3D MKVs and WD TV

Joey and I have been having  a back-and-forth over in the “Ideas” section, but I thoguht it might be interesting to continue the talk here to see what other insights folks have. The short version is I wondered if the WD TV unit would be able to play the 2D portion of 3D mkv files with a future update. I’m not talking about SBS/TAB here (sidenote: those solutions seem wasteful and inelegant). I’m referring to the specification that uses a suppliment to add the 3D information to a 2D stream without combining the two into a single stream or file, allowing for backwards compatibility. Right now it seems to play the audio and subtitles of a 3D mkv, but not the video.

The impetus of this was so that I could keep one file out NAS for use by both my 2D and 3D media devices.

tribunal88 wrote:

Joey and I have been having  a back-and-forth over in the “Ideas” section

 

I hope you mean “A Friendly Discussion” :smiley:   anyways … i’ve said i don’t believe it will ever be implemented.

agree to disagree ?  … i will happily eat my words and apologise if i’m incorrect  :smiley:

just have to wait for an Official WD Response  (which could be months or years)

Yes indeed. It’s definately a friendly dicussion.

Basically the answer to your question is no.

Yes mkv is just a container, however inside the container is a codec, specifically MVC which is an amended h.264 compression and the SoC in the WD TV’s is unable to decode this codec.

Unlike your PC, which is able to use software, the WD TV’s do not use software since they are firmware based and therefore rely on hardware to do the decoding.  The only way to be able to do what you would like to do is to update the hardware since the current SoC is not capable of decoding MVC, which would be necessary to extract the 2D stream.

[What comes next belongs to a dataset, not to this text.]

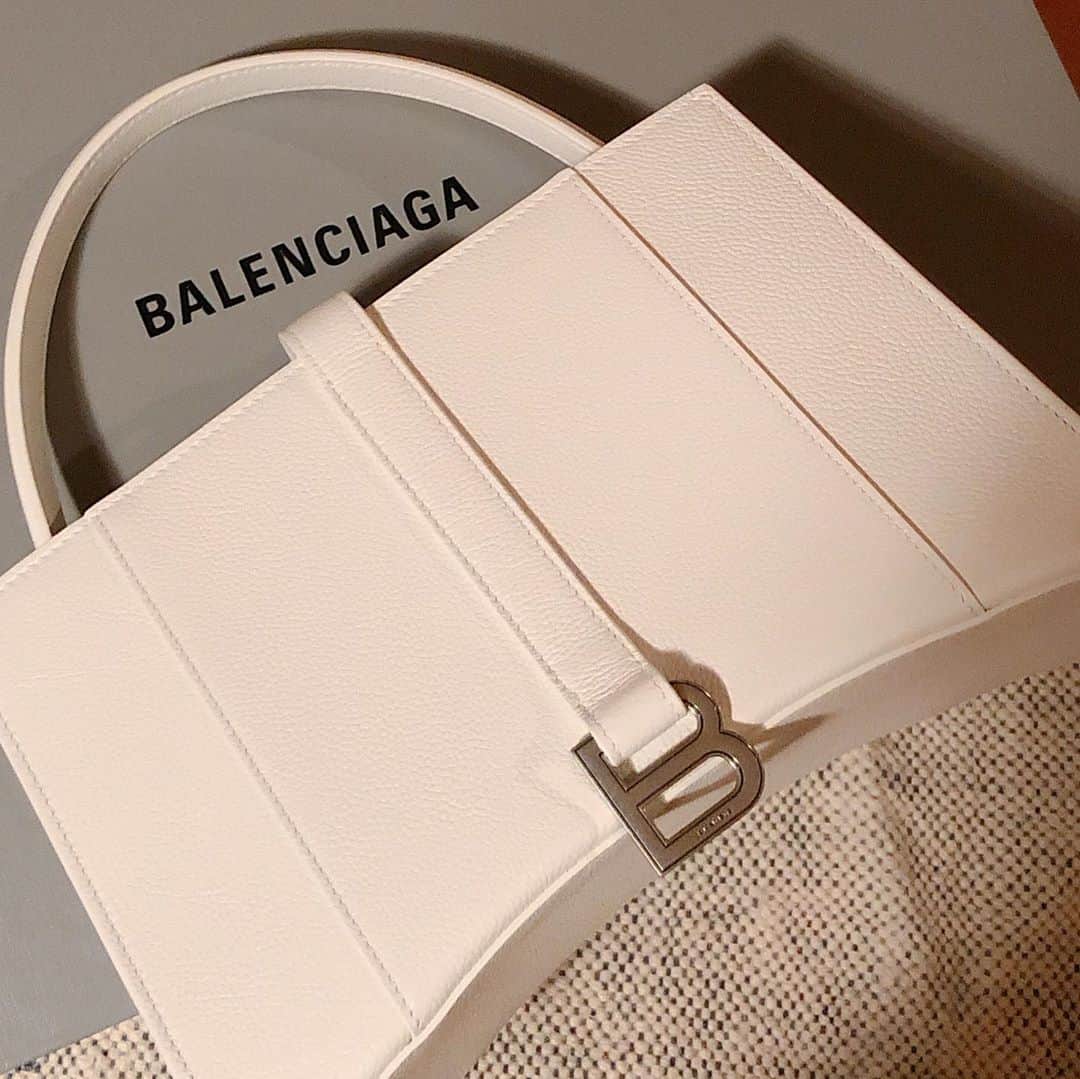 mirayさんのインスタグラム写真 - (mirayInstagram)「白のこのbagが欲しかったんだぁ😭💓 . お誕生日の日から毎日使ってる😍💦 . ありがとう💜🧡💜🧡 . #birthdaypresent #balenciaga #bag」7月28日 23時45分 - miray0705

No firmware updates would rectify this, since the decoding is “hardware locked”.

EDIT:  Even if the WD TV’s were able to software decode MVC files, you would get terrrible playback since software decoding takes much more processing power, and the Sigma chips in them are no where near up to that task.

Tinwarble wrote:

…  inside the container is a codec, specifically MVC which is an amended h.264 compression and the SoC in the WD TV’s is unable to decode this codec.

I agree with thie statement 100%. But I never suggested that it should decode the MVC stream. In fact, I want it to ignore it entirely.

This seems to be the source of a lot of confusion. There are 2 distinct video streams inside the MKV file. A “Base” stream, which is the same stream found on a standard Blu Ray 2D film (identical, bit-for-bit). It then suppliments this stream with a second stream (MVC) which gives 3D players the extra information to create a 3D image. It was done this way specifically to provide backwards compatiblity with existing non-3D Blu Ray players. So, if all you want is a 2D movie, then the MVC stream can be ignored entirely and the standard stream played back.

See  this explanation direct from Sony, specifically paragraph 2.

As it stands, it is not detecting the AVC stream properly inside the MKV file. I agree that the WD TV software is clearly not peroforming the decoding, and will be bound by the limits of the current hardware for its lifetime. But, I suspect the software is detecting file contents and formats, and then sending the audio and/or video streams to the SoC with an explicit system call. The SoC then takes care of performing the appropriate decode process, having been given direction by the software as to which codec to apply.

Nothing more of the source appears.